Corinna Bischof ist Werkstoffexpertin bei thyssenkrupp Marine Systems. Auf dem MS&D sprach sie über die Vorteile von 3-D-Druck im Marine Schiffbau und bürokratische Hürden.

Frau Bischof, was war Ihr ungewöhnlichster Druckauftrag? Und: Welches Material ist eigentlich am schwierigsten zu drucken?

Die spannendsten Druckaufträge kommen oftmals aus dem Bereich Forschung und Entwicklung und sind dann leider dementsprechend vertraulich.

Generell lässt sich sagen, dass man z.B. im Bereich Metall mit innenliegenden Kanälen und mit bionischen Wabenstrukturen schon echt beeindruckende Bauteilideen umsetzen kann.

Mein ungewöhnlichster Auftrag bisher waren sicherlich Erdmännchen, welche als Pokale für einen Wettbewerb zum Thema Health&Safety dienten – die hatten zur Abwechslung mal überhaupt nichts mit technischen Bauteilen zu tun.

Jedes Material verhält sich natürlich anders beim Druck und hat seine eigenen Stärken und Schwächen, das macht das Thema ja so interessant. Ich möchte jetzt natürlich keine Werkstoffgruppe diskriminieren, aber Nickelbasiswerkstoffe beispielsweise sind eine gute Möglichkeit, um sich ein wenig herauszufordern.

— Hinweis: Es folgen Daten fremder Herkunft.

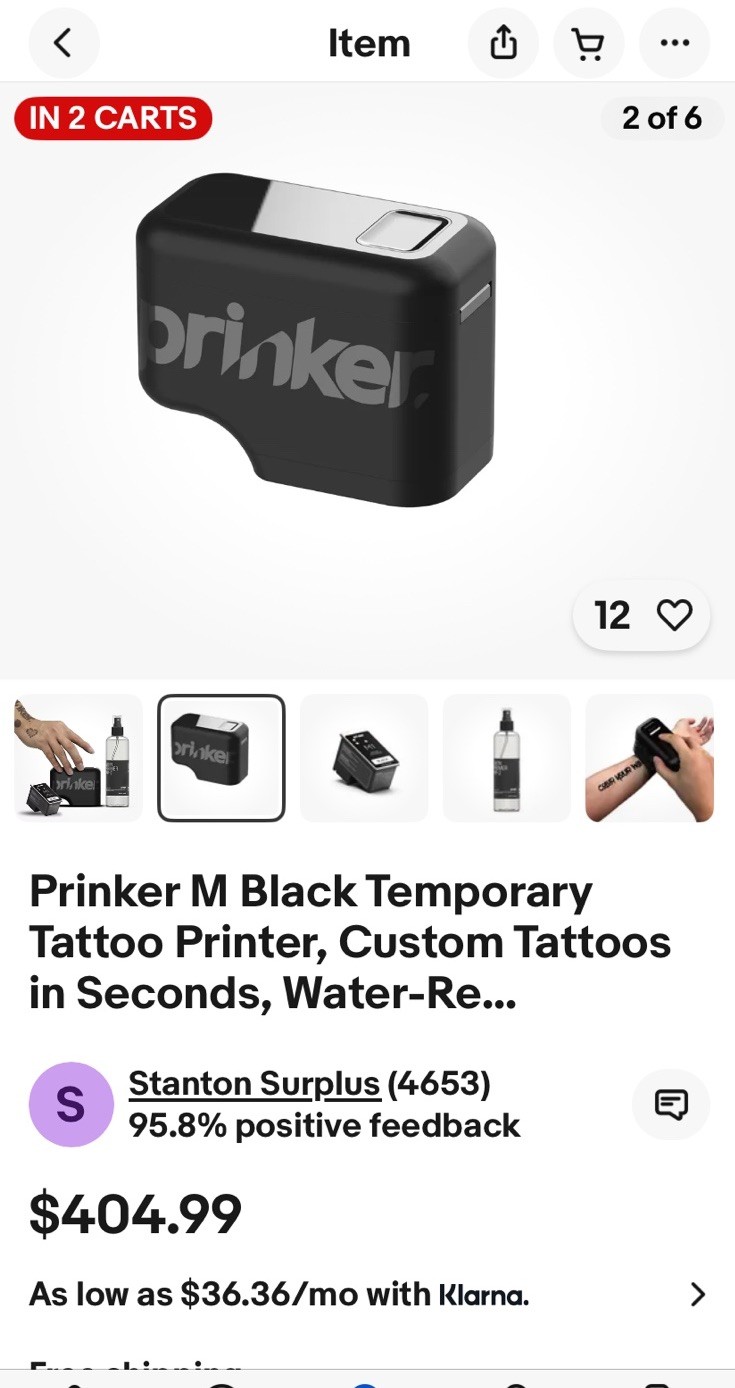 New Prinker M Black 3-D Custom Temporary Tattoo Device Printer Sealed Box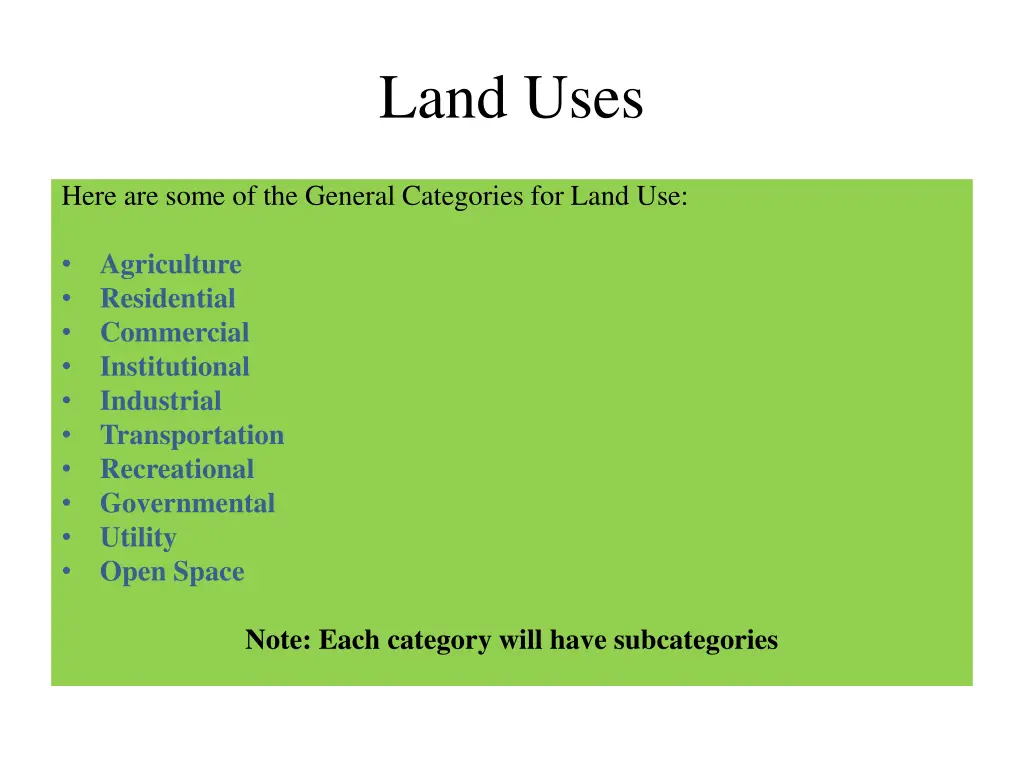 land uses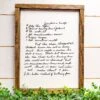 Custom Handwritten Recipe Sign | Wood Framed Engraved Sign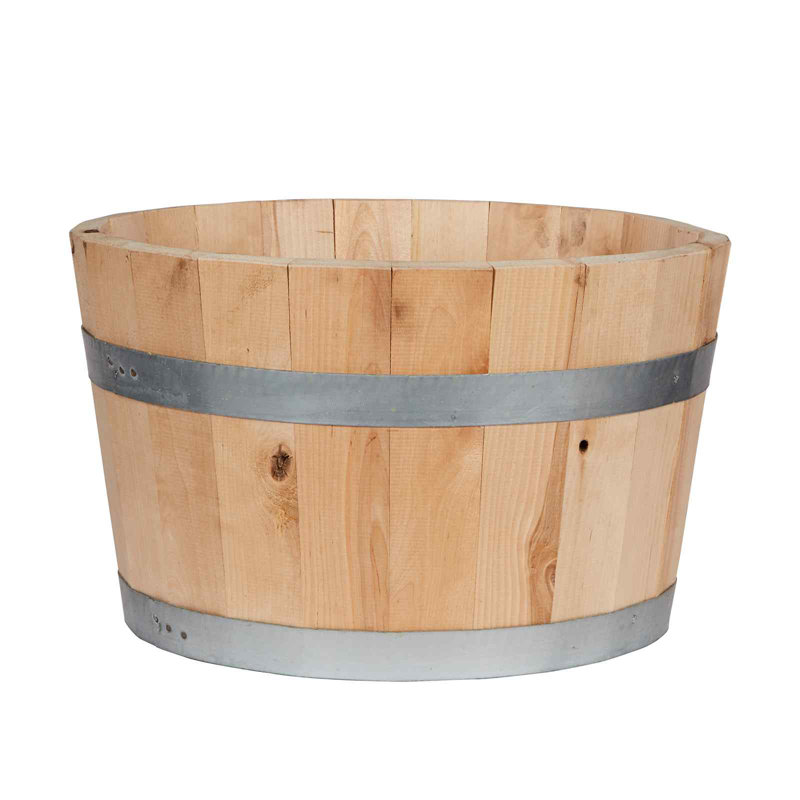 Handmade Wood Barrel Planter, 30cm H x 50cm W x 50cm D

3-D-Druck vs. Additive Manufacturing: Gibt es da einen Unterschied?

Der Begriff „3-D-Druck“ ist einer breiten Öffentlichkeit mittlerweile geläufig, das merkt man immer wieder – auch im Bekanntenkreis.

Beim Fachbegriff „Additive Manufacturing“ blickt man oft in fragende Gesichter, auch wenn er im Grunde dieselbe Gruppe von Fertigungstechnologien beschreibt.

Was sind die großen Vorteile des Verfahrens im Vergleich zur herkömmlichen Herstellung? Lassen sich z.B. auch Ersatzteile an Bord drucken?

Der größte Vorteil besteht in den enormen geometrischen Freiheiten, die das Verfahren bietet. Da hat man es mit ganz neuen konstruktiven Möglichkeiten zu tun und kann Ideen umsetzen, die mit anderen Verfahren nicht machbar wären. Zugleich kann man mit ein- und demselben Drucker völlig unterschiedliche Bauteile fertigen, solange man genügend Rohmaterial vor Ort hat.

Dies macht das Verfahren natürlich auch für eine Ersatzteilfertigung vor Ort sehr attraktiv. Der Druck von Ersatzteilen an Bord ist dabei natürlich die Königsdisziplin und wurde von thyssenkrupp Marine Systems auch schon versuchsweise intern auf dem unternehmenseigenen Schiff „Herkules“ erprobt.

Was ist bei beim Komponentendruck für Marine-Schiffe anders/besonders?

Im Vergleich zu manch anderer Branche unterliegt der Marine-Schiffbau besonders strikten Anforderungen. Hier werden die Materialeigenschaften und die gesamte restliche Prozesskette sehr gründlich angeschaut, bevor ein Bauteil als ausfallsicher gilt und mit an Bord darf. Im Bereich Zertifizierung von 3D-gedruckten Bauteilen gilt thyssenkrupp Marine Systems – u.a. dank der weltweit ersten DNVGL-Herstellerzulassung für additiv gefertigte Bauteile im maritimen Sektor - als Vorreiter, das Thema wird von vielen Kollegen aktiv vorangetrieben. Doch auch wir stolpern gelegentlich über offizielle Normen und Standards, die für konventionelle Bauteile gang und gäbe sind, für additiv gefertigte Bauteile jedoch noch nicht verfügbar.

Außerdem fällt auf, dass die Aufgabenstellungen im Marineschiffbau oftmals sehr komplex sind und sich hinter vielen Bauteilen ein ganzes Team aus den unterschiedlichsten Fachdisziplinen verbirgt.